# Best (Coolest) DH SPD shoe



## cake96861 (Apr 19, 2005)

I like the grey Shimano MP66, not sure if that's the right model, what other shoes are there out there that are like regular shoes?


----------



## Rover Nick (Jul 13, 2006)

The oakley wrench

http://oakley.com/o/o4183d/p13397


----------



## Jakeowens (Aug 29, 2006)

If your lookin for a cheaper option (35 bucks) check these out

http://www.pricepoint.com/detail/14200-285_SETRV5-0-Search--/Sette-Rival-Shoes.htm

They dont look the coolest, but the price is right and they're SPD. They are pretty comfortable, look alright, and get the job done. Good value in my book

Sizes run a lil small, I'd get a half size bigger than you usually wear.


----------



## Spastik Slingkee (Nov 22, 2005)

the 661 launch shoes are pretty much reinforced skate shoes with spd mounts


----------



## Rover Nick (Jul 13, 2006)

661 shoes are crap. I had a pair and within the first two rides they started to tear apart. They are also so bulky that they kept getting sucked under the down tube. Then about 2 months later, the spd cleat wouldn't even stay in.


----------



## attomixt (Dec 26, 2004)

I have the shimanos but they came in black from jenson, there was no option either. Thought I was getting gray. Still looks cool, so far so good but haven't had them long.


----------



## TNC (Jan 21, 2004)

*Tough question*

There's not really much out there IMO in the way of really good DH/AM SPD shoes. Most MTB shoes are just roadie shoes on steroids. On the other hand, you don't some all leather, non-breathing combat boot. I bought 3 pairs of AXO Decents when they used to make them, and they're the best hard core MTB SPD shoes I've even had. Though they don't look like it from the pic, they actually have excellent breathability while offering very good ankle protection and support. We have lots of rocks and cactus, and these things have been awesome.

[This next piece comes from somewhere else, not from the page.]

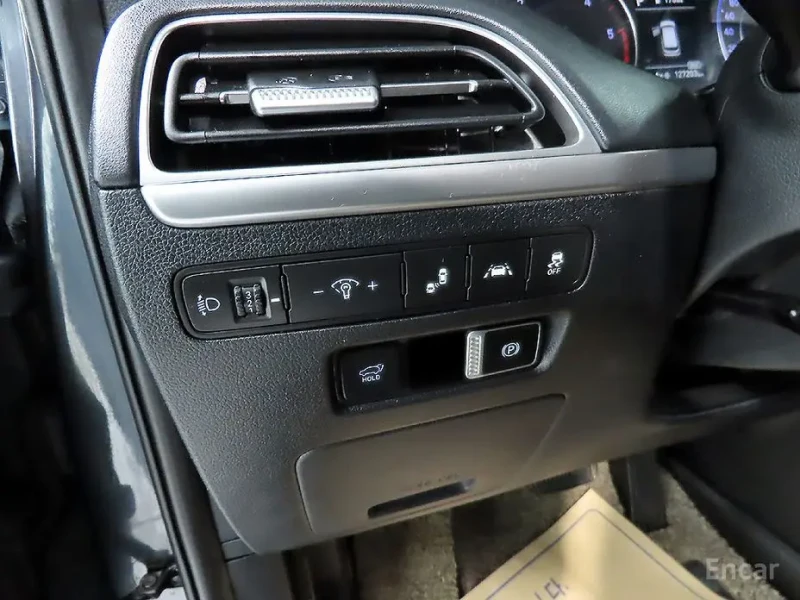 2019 Hyundai Palisade с пробегом 127 200 км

They last a long time too.


----------



## mrpercussive (Apr 4, 2006)

http://pricepoint.com/detail/15414-285_SSONV6-1-Clothing-133-Shoes/Mountain/661-Nuevo-Shoe.htm

The ones i'm using... pretty cool and tough... Not too sure about the mud shedding ability though... i've had some problems with mud getting stuck at the cleats...


----------



## 8664 (Oct 17, 2005)

sorry


----------



## 8664 (Oct 17, 2005)

this shoe rock's
View attachment 211702


----------



## SuperKat (Mar 27, 2005)

*661 are Poop?*

Aw man...I just ordered a pair of 661's after hearing good things. :madman: 
They're really poo?


----------



## Tarekith (Mar 9, 2005)

I've been using 661's all summer with no issues at all, I thought they were great actually.


----------



## Ace1 (Jun 14, 2004)

SuperKat7 said:


> Aw man...I just ordered a pair of 661's after hearing good things. :madman:
> They're really poo?


Na, they're fine and good value.

Oakleys look the nicest IMO...


----------



## t66 (Jan 20, 2004)

*adidas*

The ones pictured by 6664 above. The best I've had, anyway. Toe protection ankle protection and you can clip back in easily.

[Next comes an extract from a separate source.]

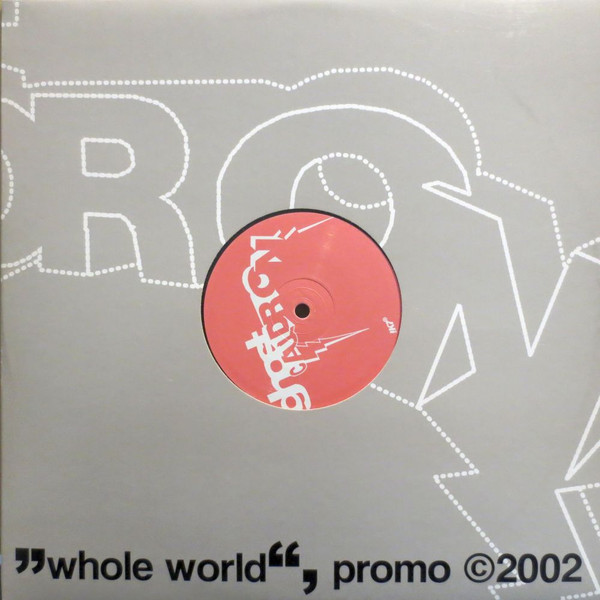 Ghost Cauldron , Apani B Fly - Whole World | !K7 Records (!K7129 Promo EP)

Best IMO. I think Go-Ride sells them.


----------



## coma13 (Sep 3, 2005)

TNC said:


> There's not really much out there IMO in the way of really good DH/AM SPD shoes. Most MTB shoes are just roadie shoes on steroids. On the other hand, you don't some all leather, non-breathing combat boot. I bought 3 pairs of AXO Decents when they used to make them, and they're the best hard core MTB SPD shoes I've even had. Though they don't look like it from the pic, they actually have excellent breathability while offering very good ankle protection and support. We have lots of rocks and cactus, and these things have been awesome. They last a long time too.

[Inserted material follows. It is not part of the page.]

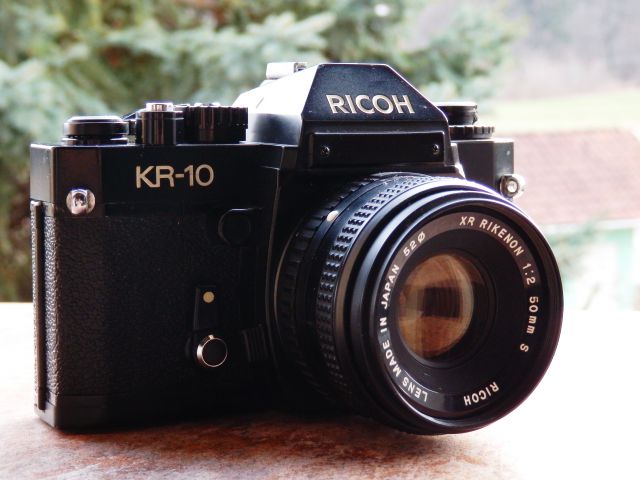 Ricoh KR-10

They are also the most ridiculous looking things you could put on your feet this side of 12" aquarium platforms....


----------



## finchy (Jan 21, 2004)

id recommend the adidas aswell, teh oakley offering isnt half bad either just pricey and the 661 is pretty sick too, looks like a skater shoe!


----------



## caspar (Feb 2, 2004)

*The old Sidis !*

Cant remeber their name , and unsure if they still make them , but they are/were SPD ready.
Cheers


----------



## InnovateorDie (Sep 25, 2006)

attomixt said:


> I have the shimanos but they came in black from jenson, there was no option either. Thought I was getting gray. Still looks cool, so far so good but haven't had them long.


Same. I ordered gray because there wasn't an option for black, but they came in black. WTF?


----------



## danyiluska (Sep 20, 2006)

*wow*

:yikes: those are really sick!!


----------



## theg1ant (Oct 21, 2005)

Oakely Wrench. I have a pair and they are awsomed. You can grip the pedal in the turns if you feel like unclipping, they clip in without rubbing anything, they are damn comfy on and off the bike and the look great.


----------



## zstyle_22 (Aug 24, 2005)

The Oakley's are sick! Go for those.


----------



## RuNDmC1087 (Sep 13, 2004)

Adidas Hematomas definatly :thumbsup: best downhill SPD shoe BY FAR


----------



## hardcore newbie (Nov 6, 2004)

screw SPD 5.10 all the way


----------



## TNC (Jan 21, 2004)

*What do you wear?*



coma13 said:


> They are also the most ridiculous looking things you could put on your feet this side of 12" aquarium platforms....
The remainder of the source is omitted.